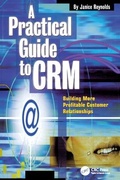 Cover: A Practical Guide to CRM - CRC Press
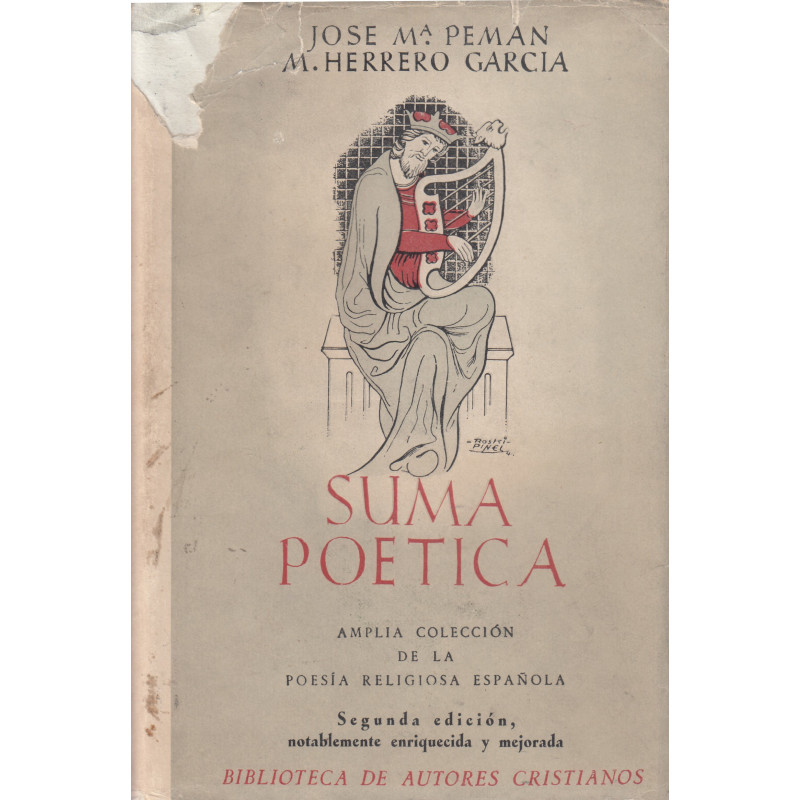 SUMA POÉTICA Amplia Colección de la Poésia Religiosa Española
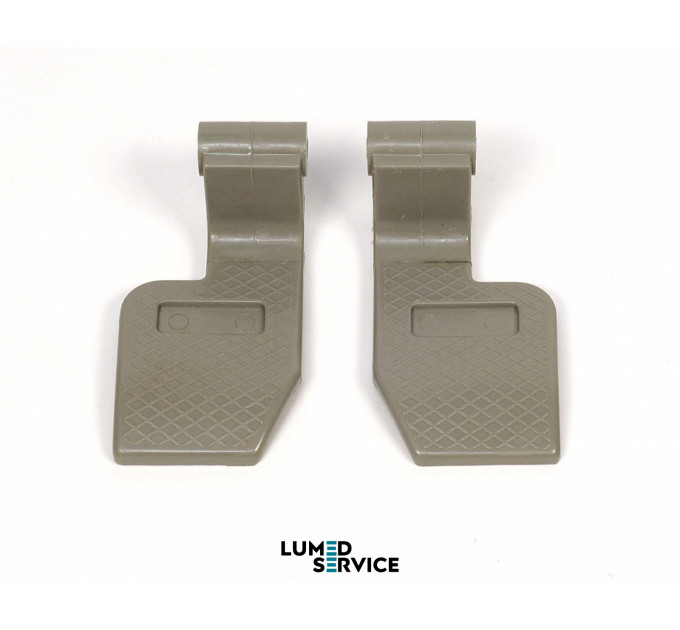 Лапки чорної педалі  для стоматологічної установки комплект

__________________________________________________

What you are asked to do:
Write the listing out a second time exactly, dropping all images.

Task response:
 Cover: A Practical Guide to CRM - CRC Press
 SUMA POÉTICA Amplia Colección de la Poésia Religiosa Española
 Лапки чорної педалі  для стоматологічної установки комплект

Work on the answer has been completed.